TEMPO.CO, Jakarta - Wakil Presiden Indonesia 2004-2009, Jusuf Kalla, mengatakan dengan kondisi ekonomi saat ini dibutuhkan kebijakan yang sangat drastis walaupun tak populis. Dia menilai para calon presiden belum berani menawarkan hal tersebut. Umumnya, apa yang mereka sampaikan masih normatif.
Kalla mengatakan salah satu contoh kebijakan yang dianggap tak merakyat, tetapi diperlukan adalah menaikkan harga bahan bakar minyak. "Hingga sekarang belum ada capres yang berani mengajukan hal tersebut, padahal perekonomian kita saat ini butuh langkah seperti itu," kata Kalla saat menghadiri acara Global Research Breifeing di Jakarta, Senin, 27 Januari 2014.

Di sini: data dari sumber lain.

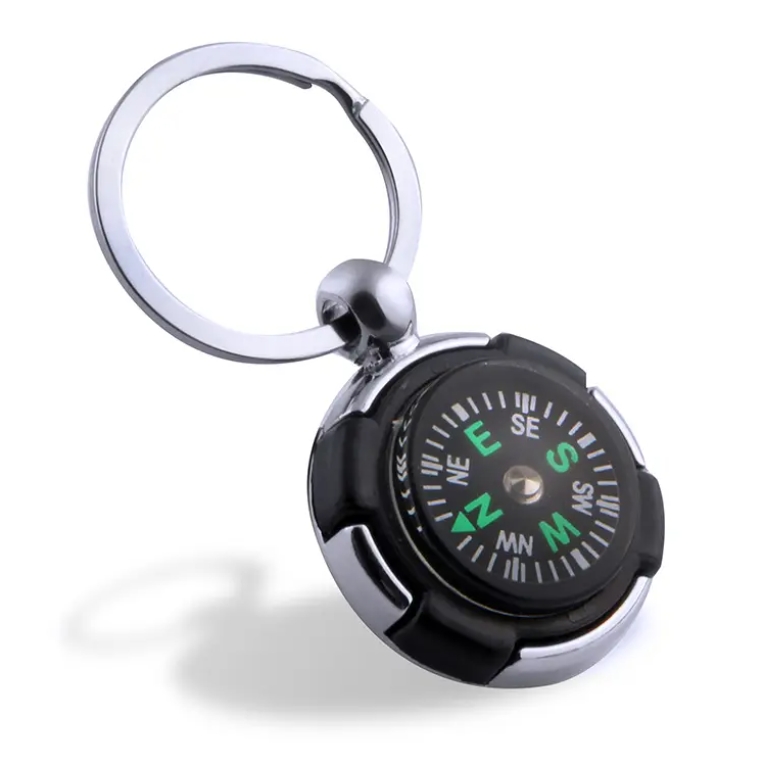 Wholesale Stock Cheap Customlogo Keychain Compass Metal Compass Keychain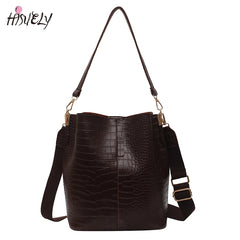 Stone Pattern Large Crossbody Bag for Women Winter Trend Shoulder Handbag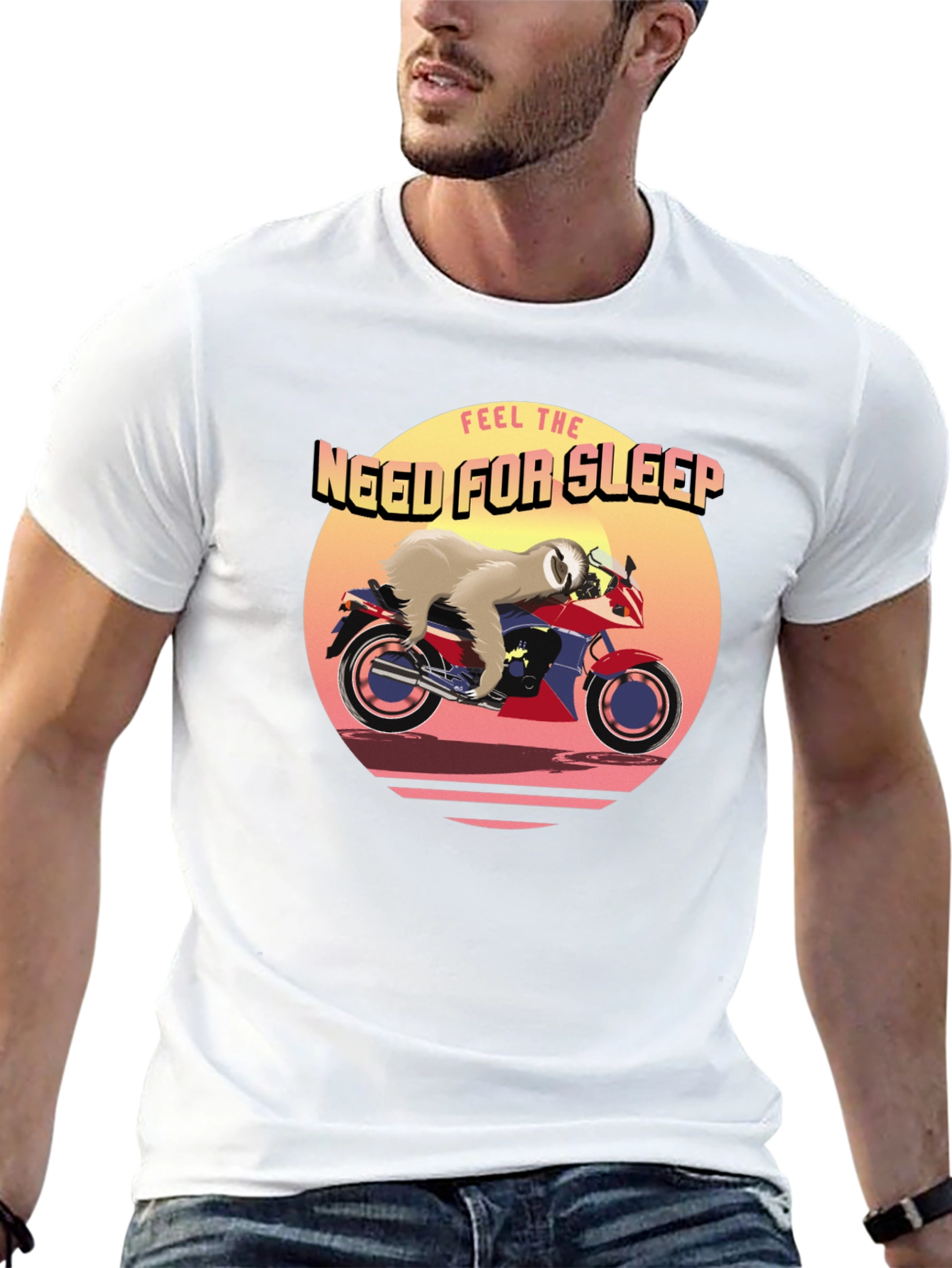 Funny Sloth Motorcycle Graphic Tee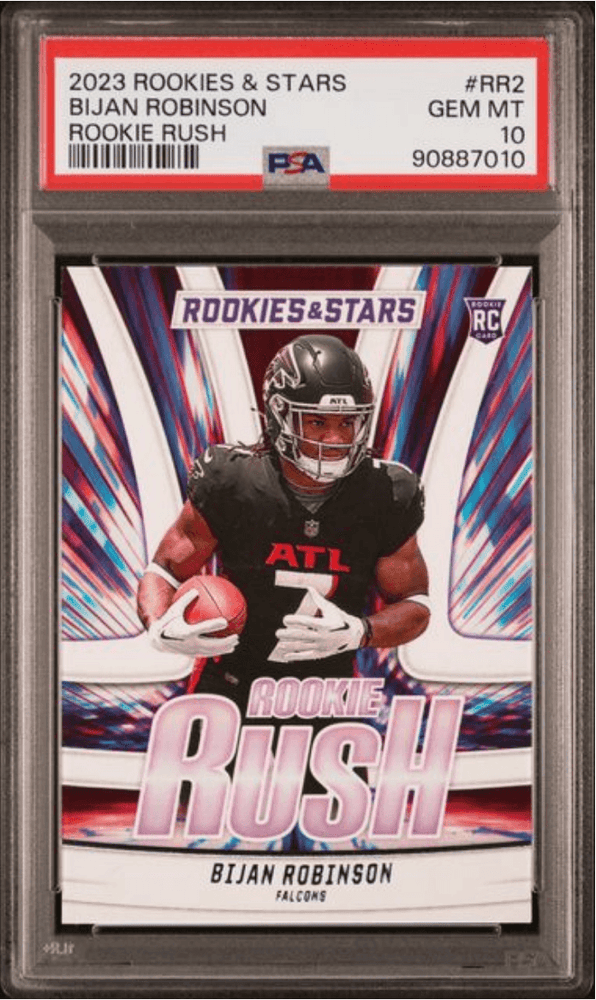 Graded 2023 Panini Rookies & Stars Bijan Robinson #RR2 Rookie Rush Rookie RC Football Card PSA 10 Gem Mint (ONLINE ORDER ONLY)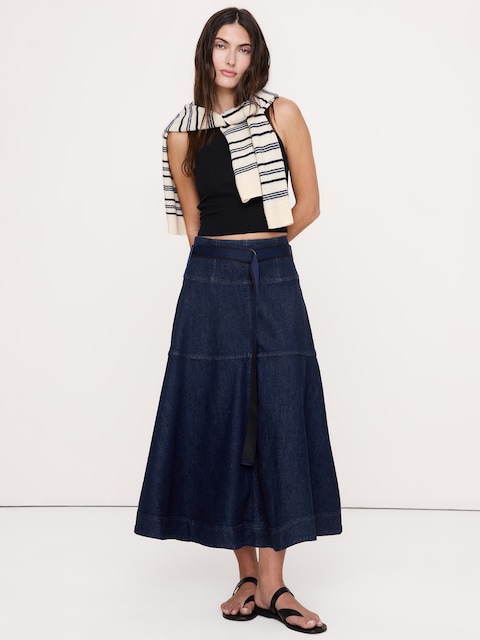 Denim Belted Midi Skirt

Selain itu, menurut Kalla, belum adanya kepastian calon yang akan maju juga menjadikan langkah kebijakan ekonomi Indonesia ke depan belum bisa ditebak. Walaupun begitu, dia memprediksi kebijakan perekonomian Indonesia tak akan banyak berubah dan tak akan mudah diubah, kecuali berani merombak APBN.
Menurut dia, ada dua hal dilematis dalam sistem perekonomian Indonesia selama ini. Pada zaman Orde Baru, sistemnya cenderung otoriter sehingga banyak monopoli. Sedangkan saat reformasi, dalam sistem yang lebih terbuka justru tingkat subsidinya lebih tinggi.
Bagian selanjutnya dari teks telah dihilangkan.